Like Christ

Why do I always feel as though my life isn't my own? Someone always needs something from me. Friends and family need a listening ear. Housework beckons and is never done. I need to stop what I'm enjoying to fix a timely meal. You know how it goes.

And it is nice to be needed. Just as any mother knows, hearing "Mommy" this and "Mommy" that often wears on her nerves, yet she wouldn't have it any other way. And it's nice to know that someone values your advice or your time or your efforts. But, sometimes...

Just why do I think my life should be my own? The truth of the matter is, my life is not my own. First, I belong to God. "So, whether you eat or drink, or whatever you do, do all to the glory of God" (1 Corinthians 10:31, ESV). And because I belong to Him, I am "to be conformed to the image of His Son" (Romans 8:29, ESV).

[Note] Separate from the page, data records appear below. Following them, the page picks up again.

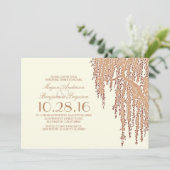 柳の木の屋外リエレガントハーサルディナー 招待状 (スタンド正面)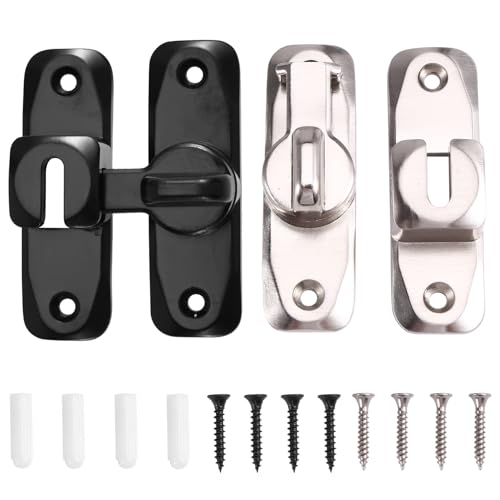 Roxvue 2er-Set 90/180° Flip-Gate-Verriegelung, Türschloss mit Diebstahlschutz-Riegelschloss Aus Zinklegierung, Fensterschlösser, Tür-Schiebebolzen Roxvue 2er-Set 90/180° Flip-Gate-Verriegelung, Türschloss mit Diebstahlschutz-Riegelschloss Aus Zinklegierung, Fensterschlösser, Tür-Schiebebolzen von Roxvue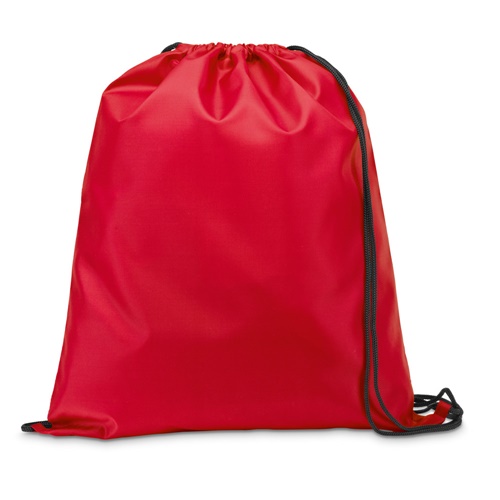 CARNABY. Saco tipo mochila em 210D com cordões em preto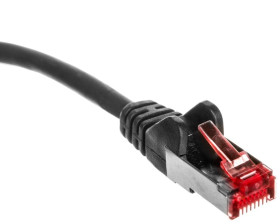 Kabel krosowy patchcord S/FTP (PiMF) kat.6 LSZH czarny 2m 68696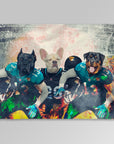 'Jacksonville Doggos' Personalized 3 Pet Blanket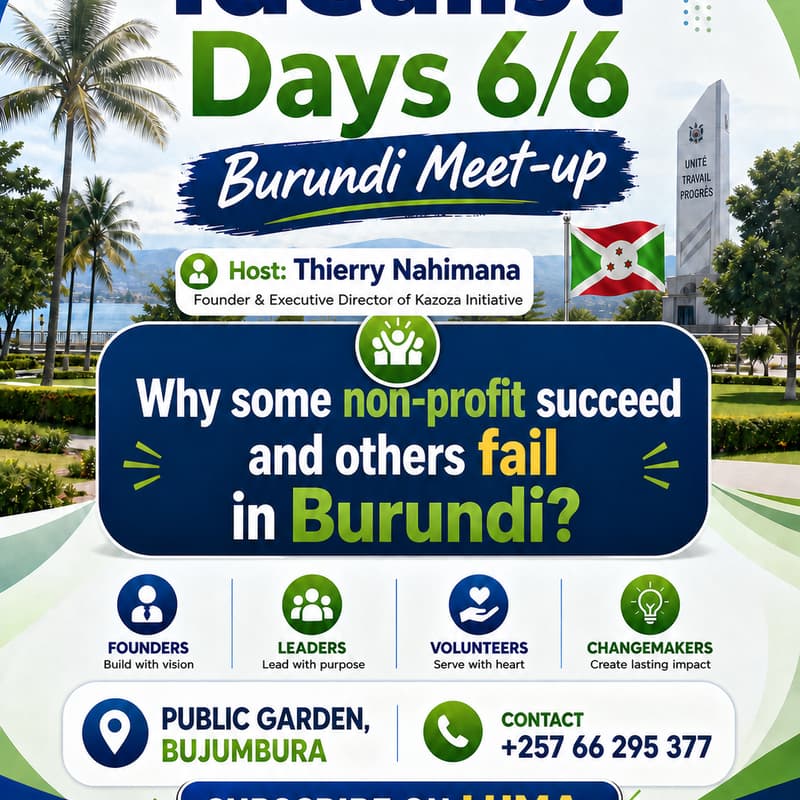 Cover Image for Idealist Days Burundi 6/6 Meet-up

Jesus Himself said that "the Son of Man came not to be served but to serve" (Matthew 20:28 ESV). And Philippians 2:7 tells us that He took on the "form of a servant".

Can't you just picture Christ, followed by crowds wherever He went? They came for healing; they came to see His miracles; they came to be fed, spiritually and/or physically. He had the woman grasping the hem of His garment to be healed. He even had the Roman Centurion seeking him out to heal his servant. Jesus had to be weary, but He kept going.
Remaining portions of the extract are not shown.